### DESCRIPTION OF THE TASK
Transcribe exactly everything in the data below from the line containing "Volvo, DFDS trial" down to the line containing "Aishwarya Ramsai Instagram", both lines included and nothing further.
(DATASET EXTRACT Opens)
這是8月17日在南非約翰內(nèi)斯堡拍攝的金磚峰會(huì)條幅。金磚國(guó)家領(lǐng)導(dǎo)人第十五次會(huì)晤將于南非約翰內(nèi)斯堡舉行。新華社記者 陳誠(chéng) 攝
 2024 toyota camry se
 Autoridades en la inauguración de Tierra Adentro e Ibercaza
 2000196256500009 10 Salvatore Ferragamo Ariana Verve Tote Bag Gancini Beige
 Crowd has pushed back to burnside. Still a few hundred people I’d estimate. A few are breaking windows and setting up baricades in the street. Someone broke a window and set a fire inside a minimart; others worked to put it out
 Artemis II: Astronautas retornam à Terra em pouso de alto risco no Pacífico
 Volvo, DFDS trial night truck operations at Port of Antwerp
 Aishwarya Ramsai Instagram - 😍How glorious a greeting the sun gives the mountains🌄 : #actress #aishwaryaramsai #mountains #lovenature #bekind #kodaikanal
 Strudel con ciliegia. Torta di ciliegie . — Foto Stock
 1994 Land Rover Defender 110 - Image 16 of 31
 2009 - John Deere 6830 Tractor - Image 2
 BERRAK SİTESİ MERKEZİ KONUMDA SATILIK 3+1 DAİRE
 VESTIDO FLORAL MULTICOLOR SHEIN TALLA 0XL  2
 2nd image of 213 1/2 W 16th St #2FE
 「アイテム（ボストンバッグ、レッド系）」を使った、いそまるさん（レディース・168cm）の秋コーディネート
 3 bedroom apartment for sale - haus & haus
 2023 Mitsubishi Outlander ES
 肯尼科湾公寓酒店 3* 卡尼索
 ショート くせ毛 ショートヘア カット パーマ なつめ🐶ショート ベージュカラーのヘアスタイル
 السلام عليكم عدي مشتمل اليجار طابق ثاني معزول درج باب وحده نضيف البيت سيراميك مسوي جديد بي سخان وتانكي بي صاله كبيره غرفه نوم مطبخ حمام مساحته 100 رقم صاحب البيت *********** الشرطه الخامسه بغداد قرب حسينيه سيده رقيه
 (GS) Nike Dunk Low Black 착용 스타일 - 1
(DATASET EXTRACT Closes)
### TASK ANSWER
 Volvo, DFDS trial night truck operations at Port of Antwerp
 Aishwarya Ramsai Instagram - 😍How glorious a greeting the sun gives the mountains🌄 : #actress #aishwaryaramsai #mountains #lovenature #bekind #kodaikanal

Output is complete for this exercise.